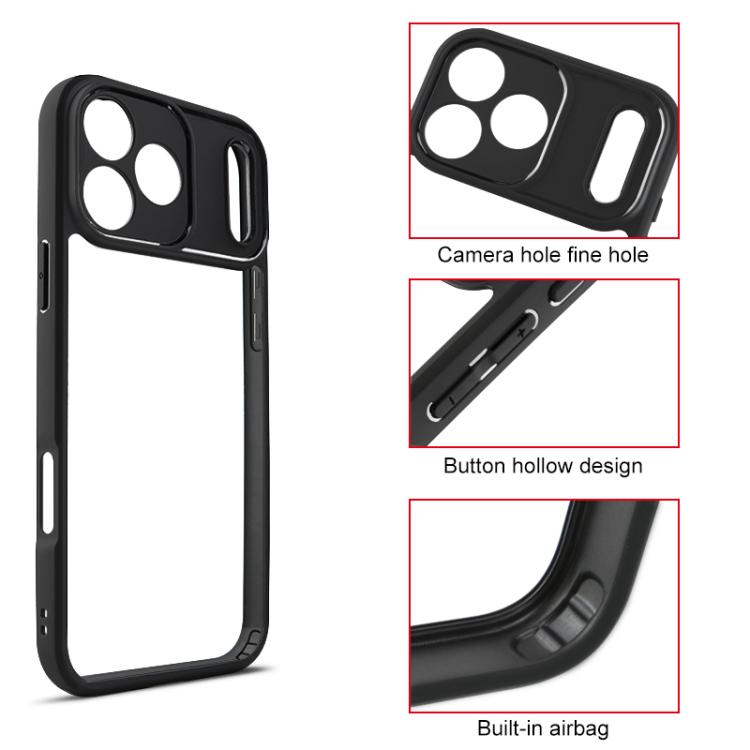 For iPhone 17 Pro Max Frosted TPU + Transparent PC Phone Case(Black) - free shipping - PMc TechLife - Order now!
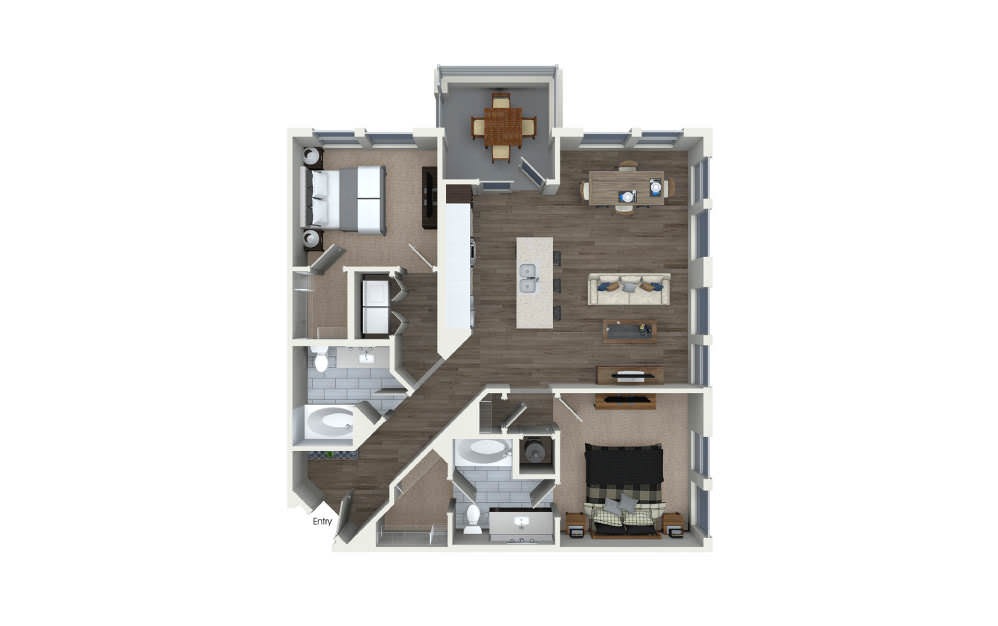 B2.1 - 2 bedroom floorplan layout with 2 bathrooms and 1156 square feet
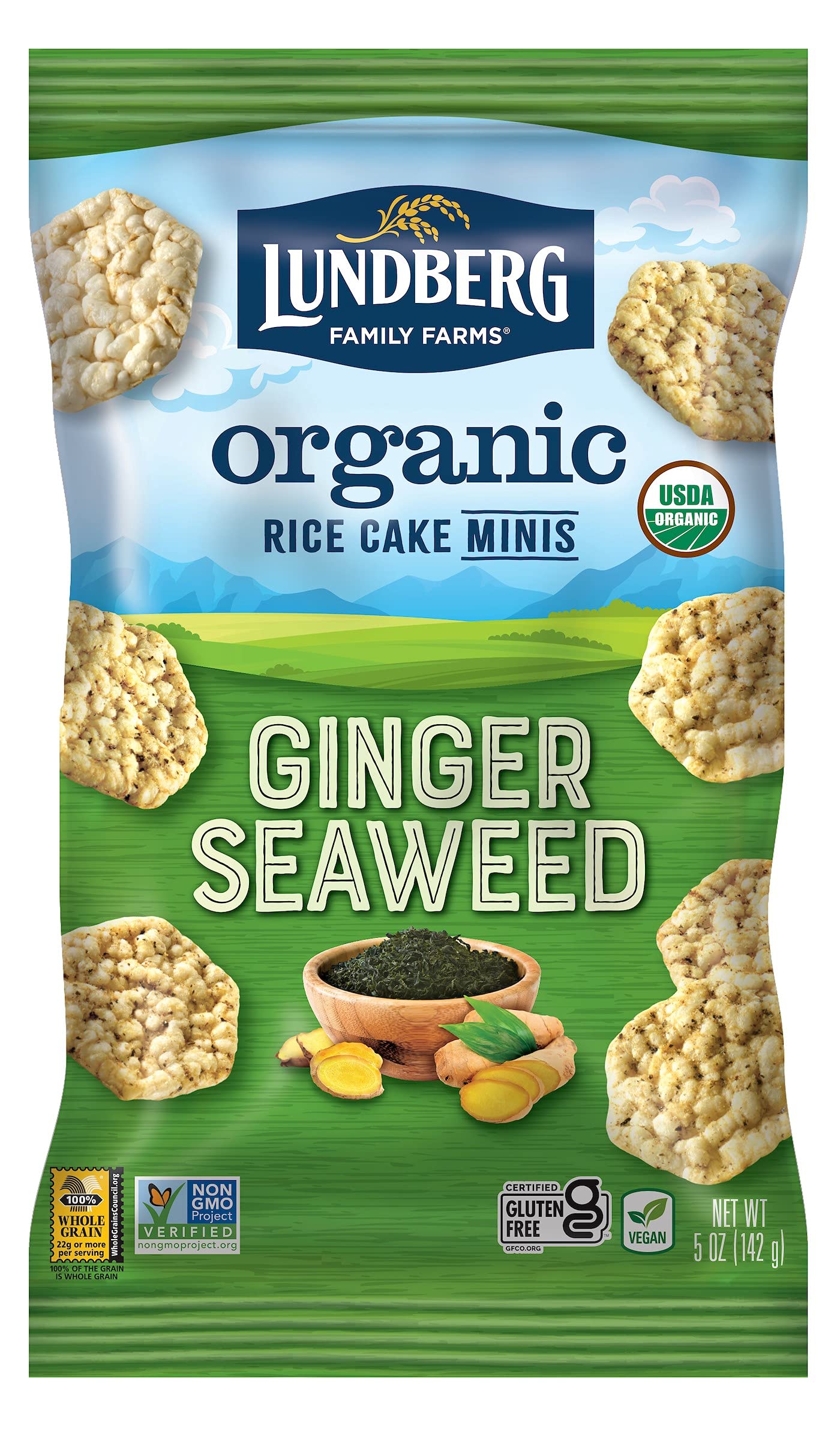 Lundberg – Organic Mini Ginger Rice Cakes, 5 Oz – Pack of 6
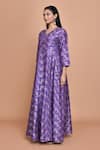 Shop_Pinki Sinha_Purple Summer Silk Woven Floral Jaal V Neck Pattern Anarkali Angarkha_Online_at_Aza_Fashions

→ **Task goal**
Word for word, repeat the material above and drop the pictures.

→ **Solved problem**
 For iPhone 17 Pro Max Frosted TPU + Transparent PC Phone Case(Black) - free shipping - PMc TechLife - Order now!
 B2.1 - 2 bedroom floorplan layout with 2 bathrooms and 1156 square feet
 Lundberg – Organic Mini Ginger Rice Cakes, 5 Oz – Pack of 6
 Shop_Pinki Sinha_Purple Summer Silk Woven Floral Jaal V Neck Pattern Anarkali Angarkha_Online_at_Aza_Fashions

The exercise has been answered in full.